The largest revolt of enslaved Africans in American history took place on January 8th, 1811 in Louisiana, about 30 miles north of New Orleans. I spent the better part of two hours reading articles and clicking on related links, letting the history sink in, while also allowing it to connect a series of dots for me as an educator. Not unlike reading Colson Whitehead’s The Underground Railroad or Ibram X Kendi’s Stamped from the Beginning: The Definitive History of Racist Ideas in America, there was an eerie recognition of the racial dynamics that shaped the event, and its aftermath, that seem so present to me today.
I never learned about the 1811 Revolt in school, but then again, the only Black heroes we learned about growing up were humble, God-fearing figures, boxed up neatly for us in packaging marked “NONVIOLENT.”
And as someone who cares deeply about nonviolence this isn’t meant to be a put down.
I have unwavering reverence for Dr. King and his movement. I also find myself thinking that a return to the study of the great nonviolent movements will soon be more urgent than ever, as the threat of war becomes increasingly nuclear and we face the reality that the weapons we possess have the potential to destroy the planet and all of its inhabitants multiple times over.
However, I’ve learned over the years to recognize that anything looked at through the lens of Whiteness, even a concept as pure as nonviolence, will be grossly distorted. And an untold history like that of an enslaved man named Charles and the nearly successful rebellion he plotted and executed in 1811 in Louisiana helps us see our ahistorical educations for the funhouse mirrors they have actually been.
I started my investigation into the 1811 Revolt (on Khalilah’s recommendation- shout out to my favorite historian) with an article from the Zinn Ed project, which aims to tell a People’s History of the US (as Howard Zinn did with his book of the same title) within a pedagogical context.
I also read the Smithsonian’s article on the Revolt published in 2011 for the 200th anniversary.
Reading and investigating through the lens of an educator as well as a learner, I finished my night unable to sleep and inspired to take this history into a learning context. I think if I were crafting a unit around the event, I might open with a “Silent Conversation”- a gallery walk where I might include these 7 facts about the event on 7 different pieces of chart paper. I’d invite us to move in groups of four, responding to these facts with markers on the paper, and move through each paper in a “conversation” with our classmates or colleagues to draw out connections, noticings and responses:
- Charles was a ‘driver’ on the Deslonde plantation, meaning he had been granted some level of assimilation and was charged with overseeing other enslaved laborers. Charles used that status to gain the trust of his oppressors and plot against them.

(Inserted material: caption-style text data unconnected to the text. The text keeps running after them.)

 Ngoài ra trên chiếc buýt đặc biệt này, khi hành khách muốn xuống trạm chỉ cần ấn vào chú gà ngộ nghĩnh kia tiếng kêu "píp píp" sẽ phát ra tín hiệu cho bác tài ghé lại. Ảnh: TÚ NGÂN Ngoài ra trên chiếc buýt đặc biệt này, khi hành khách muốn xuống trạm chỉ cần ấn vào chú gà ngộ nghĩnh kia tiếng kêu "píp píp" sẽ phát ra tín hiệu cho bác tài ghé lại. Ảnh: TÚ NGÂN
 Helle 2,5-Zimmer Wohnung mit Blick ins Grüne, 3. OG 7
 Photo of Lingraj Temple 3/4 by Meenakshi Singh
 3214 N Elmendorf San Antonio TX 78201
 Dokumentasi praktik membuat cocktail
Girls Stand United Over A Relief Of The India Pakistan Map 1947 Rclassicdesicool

- The Deslonde family had fled Haiti in the midst of the successful Haitian Revolution (1790-1802) and the revolution itself was the inspiration for the revolt.

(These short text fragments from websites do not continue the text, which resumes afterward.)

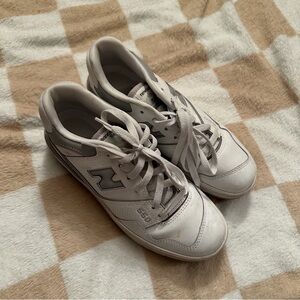 New Balance 550 Sneakers Sz 7 Women’s
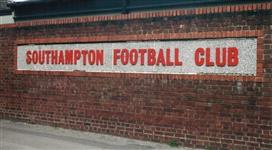 مجموعة صينية تجهز عرضاً لشراء «ساوثامبتون» الإنجليزي بـ246 مليون جنيه إسترليني !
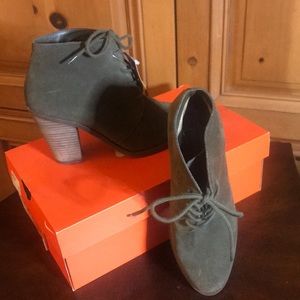 Jessica Simpson Olive Suede/Leather Lace Boots NWT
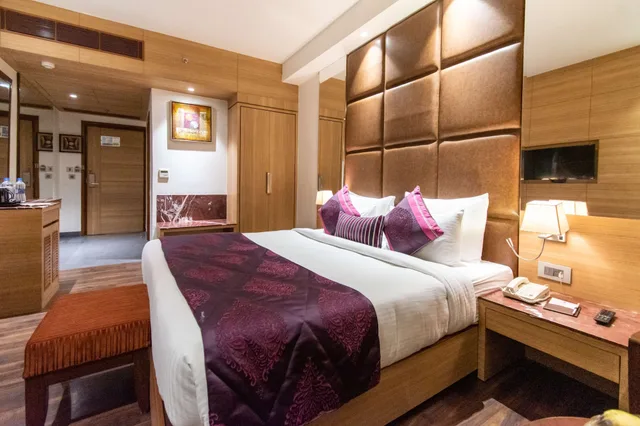 غرفة سوبيريور بسرير كينج، Best Western La Vista Pathankot 4/5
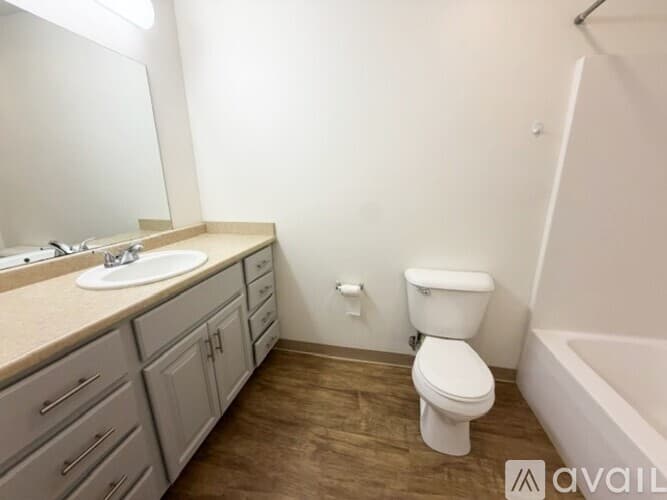 Dedham Apartment: 323 Washington St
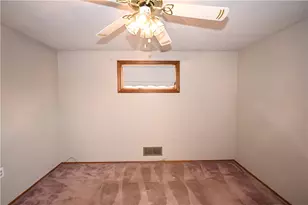 3791 Cynthia Dr, Pittsburgh, PA 15227 - Photo 15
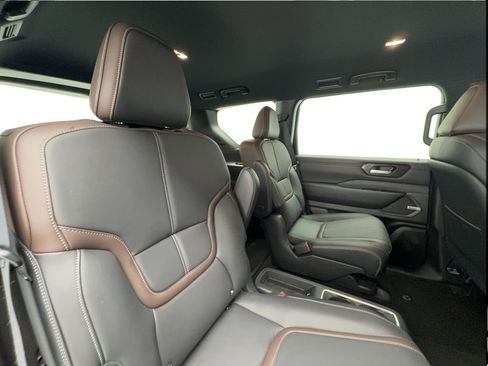 Used 2026 Nissan Armada SL w/ Captain's Chari Seat Package RWD image 30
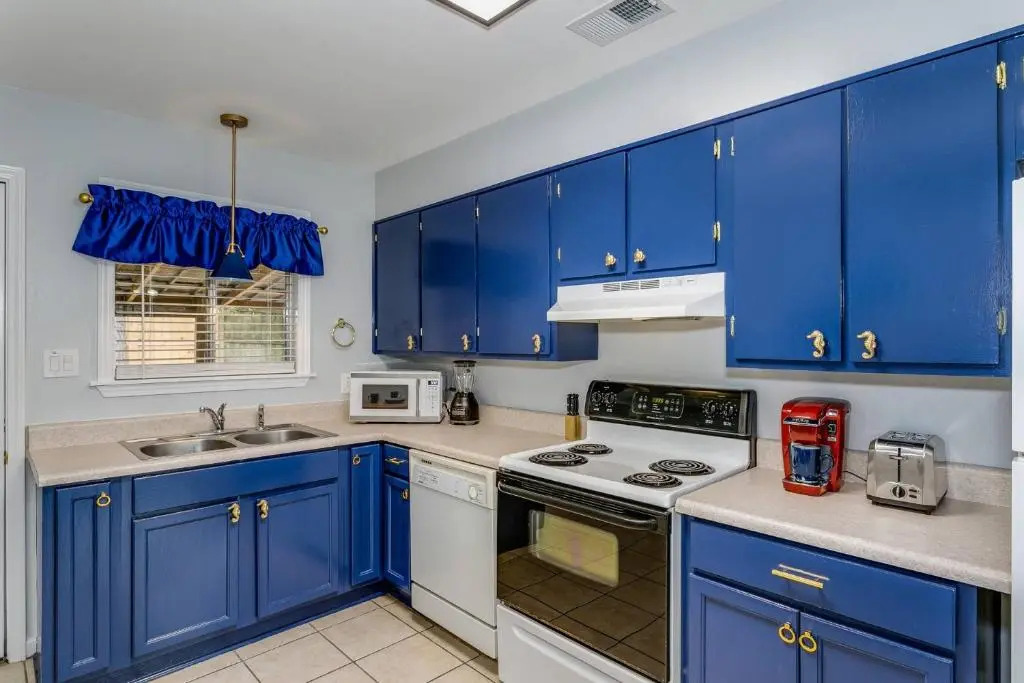 125 Shirley Dr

- Charles led an initial revolt on the plantation and then began the 30 mile march towards New Orleans, with the intention of building an army en route and taking the city as an autonomous, free Black republic. The army’s slogans were “Freedom or death” and “On to New Orleans”.
- Over 500 enslaved Africans participated in the revolt, hailing from 50 different nations and speaking 50 different languages and dialects. Many were trained soldiers.
- Organizational leadership within the rebel army included women as well as men.
- Militias and U.S. Federal troops ended the rebellion in a massively violent display. Dozens of rebels were slaughtered, some were tried and killed via firing squad. Many rebels were dismembered and their heads were posted on poles along the Mississippi to threaten and intimidate other enslaved people.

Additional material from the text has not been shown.